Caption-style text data

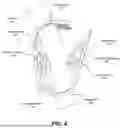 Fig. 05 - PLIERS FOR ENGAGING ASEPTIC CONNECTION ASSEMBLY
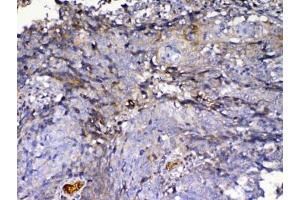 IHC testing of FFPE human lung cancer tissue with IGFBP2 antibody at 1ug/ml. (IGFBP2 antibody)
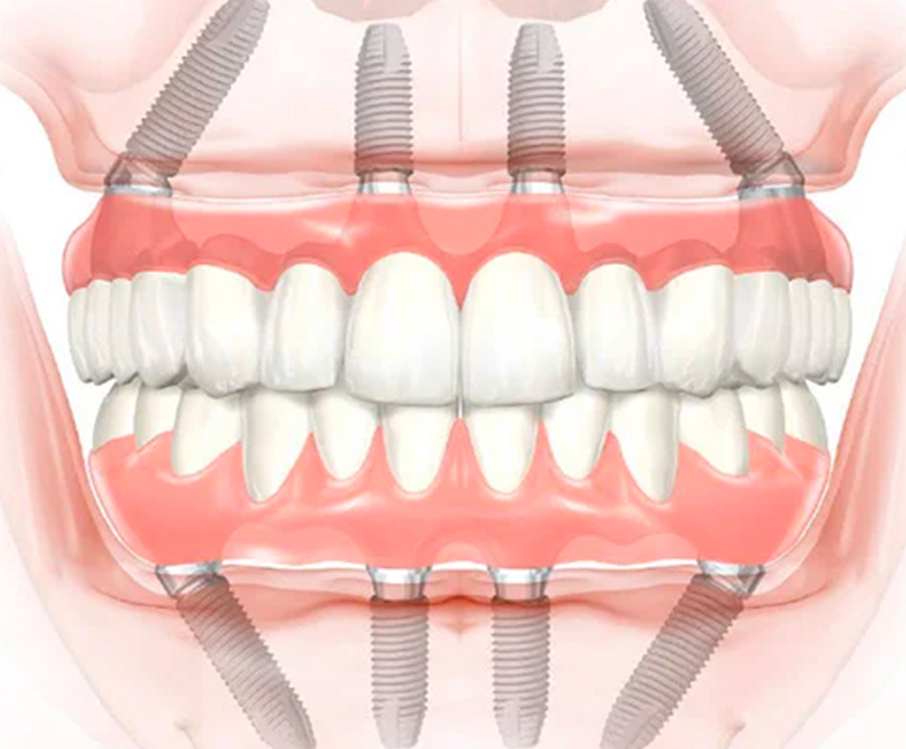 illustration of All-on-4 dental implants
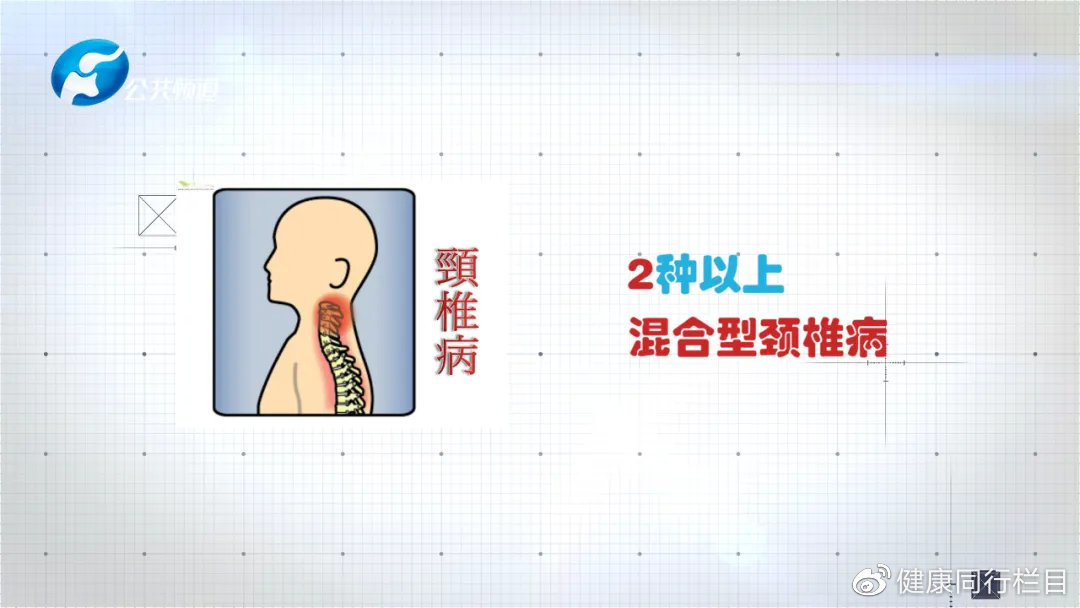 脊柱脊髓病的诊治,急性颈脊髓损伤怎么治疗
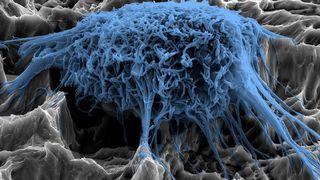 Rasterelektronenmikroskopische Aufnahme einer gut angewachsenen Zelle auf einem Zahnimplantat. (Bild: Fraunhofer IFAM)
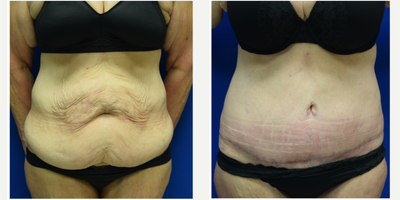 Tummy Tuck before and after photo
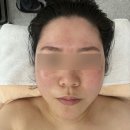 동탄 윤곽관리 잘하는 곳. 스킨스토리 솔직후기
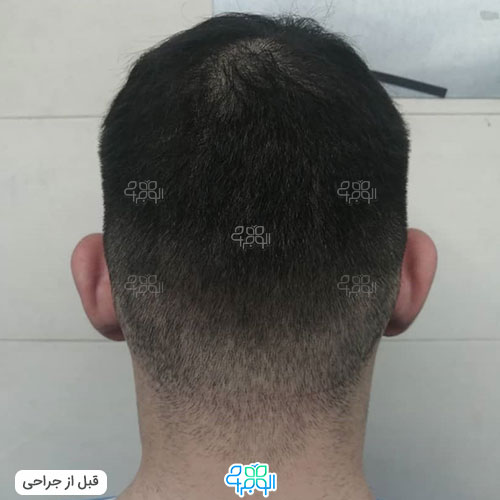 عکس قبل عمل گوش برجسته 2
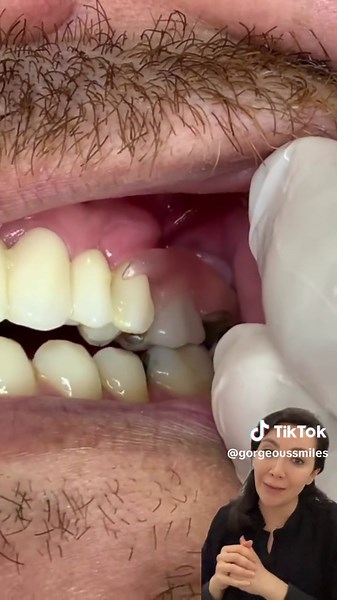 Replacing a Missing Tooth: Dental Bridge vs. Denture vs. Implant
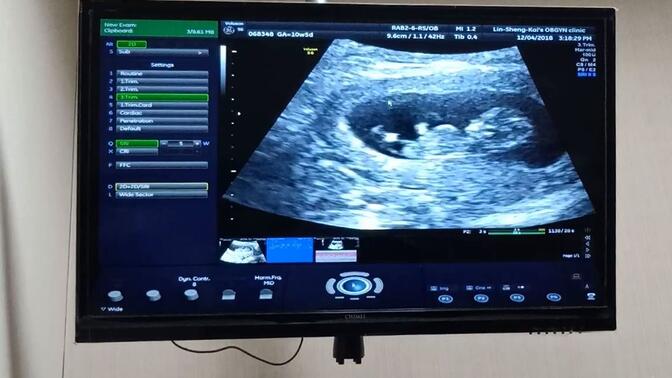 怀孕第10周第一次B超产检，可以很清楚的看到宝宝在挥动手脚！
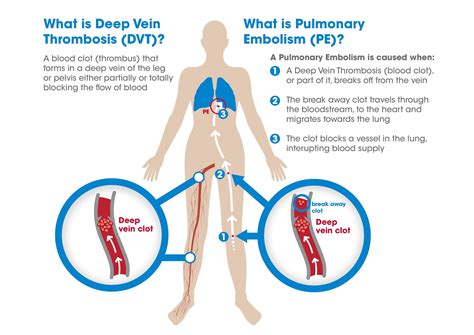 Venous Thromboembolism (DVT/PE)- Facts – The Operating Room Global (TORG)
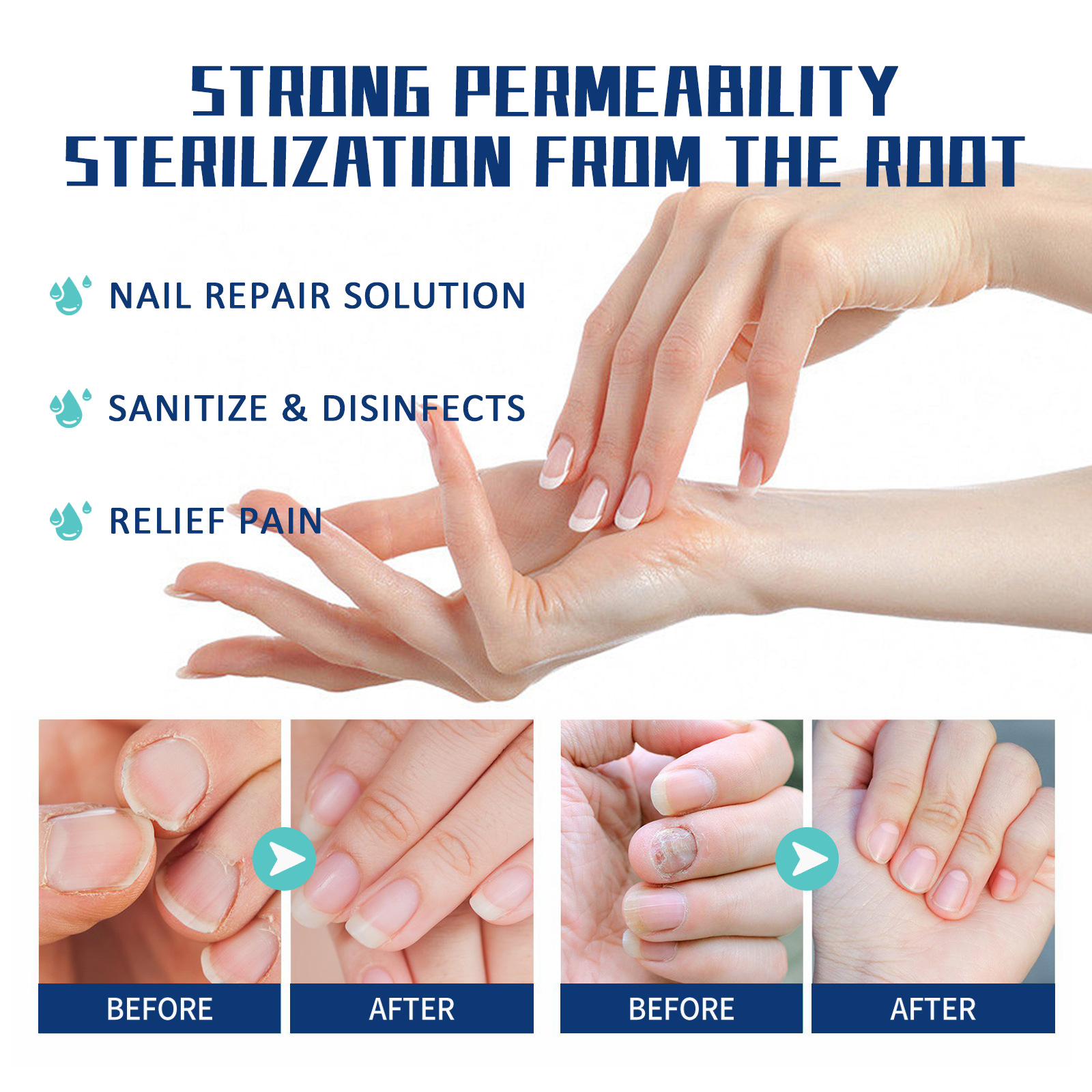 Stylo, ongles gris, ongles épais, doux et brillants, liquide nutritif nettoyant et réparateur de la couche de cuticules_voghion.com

WHAT IS EXPECTED —
Copy out only the lines from the one containing "Rasterelektronenmikroskopische Aufnahme einer" to the end of the entries, unchanged. Drop the pictures.

RESPONSE BELOW —
 Rasterelektronenmikroskopische Aufnahme einer gut angewachsenen Zelle auf einem Zahnimplantat. (Bild: Fraunhofer IFAM)
 Tummy Tuck before and after photo
 동탄 윤곽관리 잘하는 곳. 스킨스토리 솔직후기
 عکس قبل عمل گوش برجسته 2
 Replacing a Missing Tooth: Dental Bridge vs. Denture vs. Implant
 怀孕第10周第一次B超产检，可以很清楚的看到宝宝在挥动手脚！
 Venous Thromboembolism (DVT/PE)- Facts – The Operating Room Global (TORG)
 Stylo, ongles gris, ongles épais, doux et brillants, liquide nutritif nettoyant et réparateur de la couche de cuticules_voghion.com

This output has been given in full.